### Work request
Up to and including the line that contains "A gilded cage", return every line from the start of the data, unchanged.

### Stored data
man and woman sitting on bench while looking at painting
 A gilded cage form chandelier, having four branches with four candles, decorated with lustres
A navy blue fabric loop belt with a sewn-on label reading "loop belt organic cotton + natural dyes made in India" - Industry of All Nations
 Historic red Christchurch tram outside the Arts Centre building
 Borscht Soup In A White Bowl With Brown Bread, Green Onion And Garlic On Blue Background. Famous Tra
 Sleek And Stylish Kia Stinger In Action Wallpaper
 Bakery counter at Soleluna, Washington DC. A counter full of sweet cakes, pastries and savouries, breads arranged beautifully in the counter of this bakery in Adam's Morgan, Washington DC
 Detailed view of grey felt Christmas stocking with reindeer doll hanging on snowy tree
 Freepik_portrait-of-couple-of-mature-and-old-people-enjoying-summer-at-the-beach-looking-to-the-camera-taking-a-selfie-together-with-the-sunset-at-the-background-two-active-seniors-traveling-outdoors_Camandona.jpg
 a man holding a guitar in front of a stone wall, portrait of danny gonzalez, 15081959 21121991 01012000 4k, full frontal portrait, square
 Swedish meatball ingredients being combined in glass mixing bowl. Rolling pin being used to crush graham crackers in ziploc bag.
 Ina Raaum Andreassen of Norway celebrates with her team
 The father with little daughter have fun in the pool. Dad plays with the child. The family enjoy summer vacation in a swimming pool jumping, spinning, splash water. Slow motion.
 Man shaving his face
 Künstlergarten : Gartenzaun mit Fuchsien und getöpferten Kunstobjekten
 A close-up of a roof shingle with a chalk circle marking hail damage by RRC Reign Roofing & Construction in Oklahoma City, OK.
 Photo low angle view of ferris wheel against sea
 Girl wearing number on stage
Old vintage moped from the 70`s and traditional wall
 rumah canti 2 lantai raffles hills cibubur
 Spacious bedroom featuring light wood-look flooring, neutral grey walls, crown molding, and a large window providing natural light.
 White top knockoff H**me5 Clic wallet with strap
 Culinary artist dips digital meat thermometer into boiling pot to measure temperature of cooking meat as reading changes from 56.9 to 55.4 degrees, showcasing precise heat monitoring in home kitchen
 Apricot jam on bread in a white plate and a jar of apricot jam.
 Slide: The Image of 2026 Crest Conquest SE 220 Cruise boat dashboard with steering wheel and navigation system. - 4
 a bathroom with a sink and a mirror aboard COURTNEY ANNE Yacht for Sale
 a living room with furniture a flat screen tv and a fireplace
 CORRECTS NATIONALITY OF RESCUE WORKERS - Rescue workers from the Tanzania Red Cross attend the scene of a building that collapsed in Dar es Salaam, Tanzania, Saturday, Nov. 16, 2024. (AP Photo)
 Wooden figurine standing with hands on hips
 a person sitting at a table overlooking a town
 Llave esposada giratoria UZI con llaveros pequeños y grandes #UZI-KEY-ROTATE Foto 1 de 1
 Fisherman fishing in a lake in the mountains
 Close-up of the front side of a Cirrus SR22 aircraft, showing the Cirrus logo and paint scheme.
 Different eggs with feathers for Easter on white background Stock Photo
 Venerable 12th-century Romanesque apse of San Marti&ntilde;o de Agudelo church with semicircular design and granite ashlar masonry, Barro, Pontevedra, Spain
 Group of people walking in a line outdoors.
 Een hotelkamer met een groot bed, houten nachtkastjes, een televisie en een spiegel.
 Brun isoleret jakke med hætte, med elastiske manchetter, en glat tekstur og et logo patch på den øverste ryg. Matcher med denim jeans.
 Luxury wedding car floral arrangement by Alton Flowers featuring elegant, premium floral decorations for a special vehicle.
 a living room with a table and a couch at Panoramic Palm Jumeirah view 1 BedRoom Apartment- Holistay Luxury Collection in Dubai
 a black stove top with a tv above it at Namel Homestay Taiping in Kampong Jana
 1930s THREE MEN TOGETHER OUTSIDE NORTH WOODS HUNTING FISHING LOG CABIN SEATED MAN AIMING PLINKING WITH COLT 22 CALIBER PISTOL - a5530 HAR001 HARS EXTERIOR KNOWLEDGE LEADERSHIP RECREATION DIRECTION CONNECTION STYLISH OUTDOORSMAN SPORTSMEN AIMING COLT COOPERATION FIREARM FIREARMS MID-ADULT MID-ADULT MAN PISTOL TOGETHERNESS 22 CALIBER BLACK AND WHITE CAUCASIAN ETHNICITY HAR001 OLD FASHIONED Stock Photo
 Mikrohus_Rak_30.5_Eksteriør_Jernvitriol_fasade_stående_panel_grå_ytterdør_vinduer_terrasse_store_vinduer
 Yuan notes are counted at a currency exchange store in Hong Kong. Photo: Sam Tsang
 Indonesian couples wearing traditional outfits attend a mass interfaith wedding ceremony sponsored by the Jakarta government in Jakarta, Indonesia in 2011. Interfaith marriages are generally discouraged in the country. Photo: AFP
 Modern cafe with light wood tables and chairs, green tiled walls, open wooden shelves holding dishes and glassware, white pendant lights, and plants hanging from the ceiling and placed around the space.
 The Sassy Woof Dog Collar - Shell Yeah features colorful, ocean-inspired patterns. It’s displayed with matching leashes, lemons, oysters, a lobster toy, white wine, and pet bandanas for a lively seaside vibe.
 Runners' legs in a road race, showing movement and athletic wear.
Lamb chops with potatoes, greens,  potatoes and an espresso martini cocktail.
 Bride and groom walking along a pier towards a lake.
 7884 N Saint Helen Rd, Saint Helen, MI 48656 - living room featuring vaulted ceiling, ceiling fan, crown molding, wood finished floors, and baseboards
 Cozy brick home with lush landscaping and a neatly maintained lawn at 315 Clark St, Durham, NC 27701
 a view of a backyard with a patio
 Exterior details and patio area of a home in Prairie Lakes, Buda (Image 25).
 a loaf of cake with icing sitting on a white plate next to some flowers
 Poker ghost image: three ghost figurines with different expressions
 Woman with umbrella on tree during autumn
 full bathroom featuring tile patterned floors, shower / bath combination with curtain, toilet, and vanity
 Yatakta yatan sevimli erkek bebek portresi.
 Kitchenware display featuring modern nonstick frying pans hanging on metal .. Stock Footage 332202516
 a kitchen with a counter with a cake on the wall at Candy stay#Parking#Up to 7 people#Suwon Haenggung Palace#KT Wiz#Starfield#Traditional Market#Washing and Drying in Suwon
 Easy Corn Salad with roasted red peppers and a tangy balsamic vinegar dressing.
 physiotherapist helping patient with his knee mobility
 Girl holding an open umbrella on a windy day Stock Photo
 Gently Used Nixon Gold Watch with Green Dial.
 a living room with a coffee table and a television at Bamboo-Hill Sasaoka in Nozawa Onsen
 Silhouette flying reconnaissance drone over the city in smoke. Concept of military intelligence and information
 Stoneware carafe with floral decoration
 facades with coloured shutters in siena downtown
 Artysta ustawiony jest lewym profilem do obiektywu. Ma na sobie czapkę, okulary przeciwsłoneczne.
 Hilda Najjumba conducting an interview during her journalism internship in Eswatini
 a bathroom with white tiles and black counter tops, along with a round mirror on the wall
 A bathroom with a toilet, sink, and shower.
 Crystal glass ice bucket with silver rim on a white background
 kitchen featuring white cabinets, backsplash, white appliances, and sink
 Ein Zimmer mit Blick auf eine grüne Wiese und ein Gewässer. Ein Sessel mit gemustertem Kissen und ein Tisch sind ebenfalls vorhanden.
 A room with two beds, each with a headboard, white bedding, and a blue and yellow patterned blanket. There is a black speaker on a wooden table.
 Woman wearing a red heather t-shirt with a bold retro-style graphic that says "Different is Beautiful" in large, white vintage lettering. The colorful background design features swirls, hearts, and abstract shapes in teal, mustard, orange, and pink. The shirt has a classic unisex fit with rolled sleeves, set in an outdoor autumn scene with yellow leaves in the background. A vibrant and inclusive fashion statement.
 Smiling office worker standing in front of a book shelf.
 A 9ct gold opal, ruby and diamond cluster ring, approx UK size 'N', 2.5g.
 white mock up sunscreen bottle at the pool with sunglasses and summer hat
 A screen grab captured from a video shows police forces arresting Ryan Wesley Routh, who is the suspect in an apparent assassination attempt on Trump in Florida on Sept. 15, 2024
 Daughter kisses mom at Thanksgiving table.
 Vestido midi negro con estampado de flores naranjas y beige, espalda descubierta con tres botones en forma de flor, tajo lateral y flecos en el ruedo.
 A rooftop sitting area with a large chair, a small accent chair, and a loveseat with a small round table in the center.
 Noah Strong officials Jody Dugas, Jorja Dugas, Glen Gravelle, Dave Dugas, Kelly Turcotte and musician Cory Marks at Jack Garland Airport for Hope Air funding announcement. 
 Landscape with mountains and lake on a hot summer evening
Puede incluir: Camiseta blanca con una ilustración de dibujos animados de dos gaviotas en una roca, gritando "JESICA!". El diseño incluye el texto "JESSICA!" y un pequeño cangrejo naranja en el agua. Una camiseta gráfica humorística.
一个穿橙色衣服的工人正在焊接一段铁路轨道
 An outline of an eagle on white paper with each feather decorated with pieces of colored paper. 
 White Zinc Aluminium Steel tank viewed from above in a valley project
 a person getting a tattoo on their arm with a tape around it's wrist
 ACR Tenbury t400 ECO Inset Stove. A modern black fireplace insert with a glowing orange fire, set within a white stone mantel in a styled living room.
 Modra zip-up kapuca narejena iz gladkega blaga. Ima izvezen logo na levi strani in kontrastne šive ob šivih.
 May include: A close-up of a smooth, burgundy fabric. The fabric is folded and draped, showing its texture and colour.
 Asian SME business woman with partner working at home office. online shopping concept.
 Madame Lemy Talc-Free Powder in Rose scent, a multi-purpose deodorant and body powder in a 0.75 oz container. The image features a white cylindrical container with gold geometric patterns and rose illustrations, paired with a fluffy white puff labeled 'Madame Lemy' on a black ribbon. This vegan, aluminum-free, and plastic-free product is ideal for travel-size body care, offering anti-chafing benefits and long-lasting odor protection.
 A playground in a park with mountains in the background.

### Expected answer
man and woman sitting on bench while looking at painting
 A gilded cage form chandelier, having four branches with four candles, decorated with lustres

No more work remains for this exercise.